Igwe v. Decatur Mem’l Hosp. — Feb. 2016 (Summary)
RACE AND GENDER DISCRIMINATION
Igwe v. Decatur Mem’l Hosp.
No. 4-15-0153 (Ill. App. Ct. Feb. 19, 2016)
The Illinois Court of Appeals affirmed the trial court’s dismissal of a nurse anesthetist student’s race and gender discrimination claims, but reversed the trial court’s dismissal of the student’s retaliation claims in a suit the student brought against a hospital where the clinical portion of his education program was conducted. The student was dismissed from the program after he brought a metal endotracheal tube into an MRI suite, jeopardizing the safety of a patient. The student filed suit under state law claiming his dismissal was the result of discrimination based on his race and gender. He also alleged that he was retaliated against because he opposed what he perceived to be unlawful discrimination. The court, in affirming the lower court’s dismissal of the student’s discrimination claim, concluded that the hospital was not a “place of public accommodation” according to Illinois’ anti-discrimination law.

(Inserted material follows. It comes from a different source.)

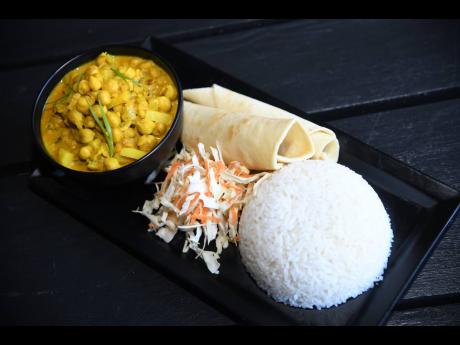 One of the popular options for vegans at Murray’s is the curried chickpeas, served with rice, roti and raw vegetables.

Per the court, “while a hospital is specifically listed in the [law] as a place of public accommodation, it is listed in the context of a patient/medical-provider relationship, not as a place where educational services, such as those involved here, are provided to select individuals.” When reversing the trial court’s dismissal of the student’s retaliation claims, the court of appeals held that a retaliation claim could move forward even though the underlying claim for discrimination was dismissed.